Mike: I liked the show concept pretty much. The implementation of the show made it seem as if some of the couples just met right before the show. For some of the couples that worked because that was their role, but for the other couples it felt a little forced. They didn’t seem to feel real comfortable with each other. The main character is Robert played by Sean M. Currigan. Robert was an interesting role to play because, even though he is the central character, you really don’t learn that much about him. You meet a few of his girlfriends throughout the evening and you meet the other couples that are friends with Robert, but you never find out how, when, or where they met. Were they college friends? Did they met at the gym? That would have been interesting to find out because some of the places they hang out at don’t seem to make sense. It felt a little forced. Robert had a nice singing voice. One problem unfortunately was when he would turn his head in certain directions, he would be too far away from the microphone and he would drop out. You could still tell he was singing, but it wasn’t as loud. He had a solo at the end of the show. He wasn’t real dynamic. He was just kind of planted in place. He did a little bit of back and forth going upstage and downstage. I would have had the number be a little more dynamic and soulful sounding.
Laura: Another solo was performed by the character Marta. She was played by Betsy Andrews. She sang the song, “Another Hundred People.” She did really well with it. She had a nice voice and projected well so that you could hear her above the orchestra.
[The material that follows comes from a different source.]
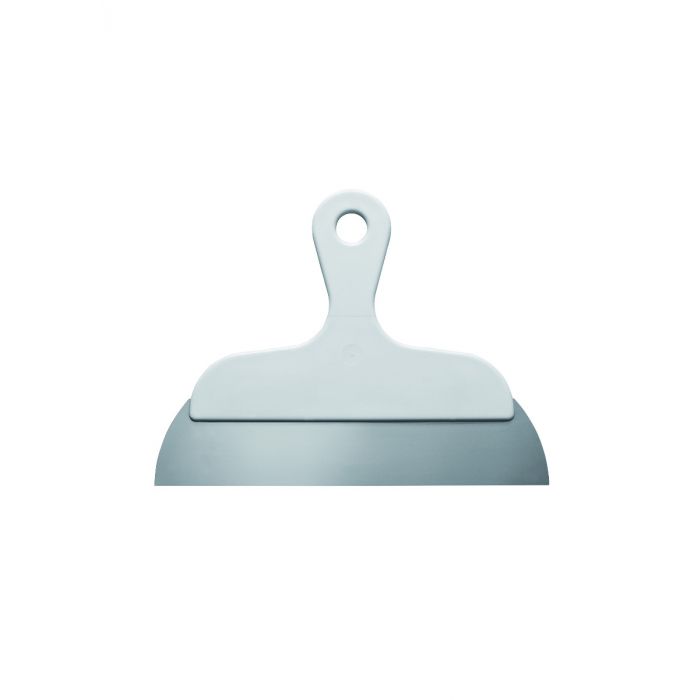 Racletă manuală cu mâner din plastic, 209 mm – lamă inox, rezistentă la 600°C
Mike: That song was in several parts. Marta would sing a stanza and then there would be some dramatic action and she would sing another stanza and there would be more action. Then she ended the song. That was unusual, but it was an interesting way to break up the song.
Laura: I liked how the set designers used the limited space in creating the effect of four different apartments on one stage. You had a terrace and a night club that later became a restaurant and a park. It was a stair step effect that allowed for four different apartments on stage. Each apartment had its own look to it and it’s own accessories. It came together well to make it look like four different apartments on one stage.
Mike: There were some technical problems with the sound during the show. It was most noticeable when singer would move their face away from the microphone. They would just drop out totally. It also seemed that the mikes were only turned on when there was someone singing. So you had different volume levels during the speaking versus the singing.
Laura: So overall Company is an enjoyable production. It is playing through May 20th at the James Lee Community Center in Falls Church, Virginia.
Mike: Once you’ve seen the show, please let us know what your thoughts were. You can do that by coming to our website and leaving a comment at the end of our review.
Laura: And now, on with the show.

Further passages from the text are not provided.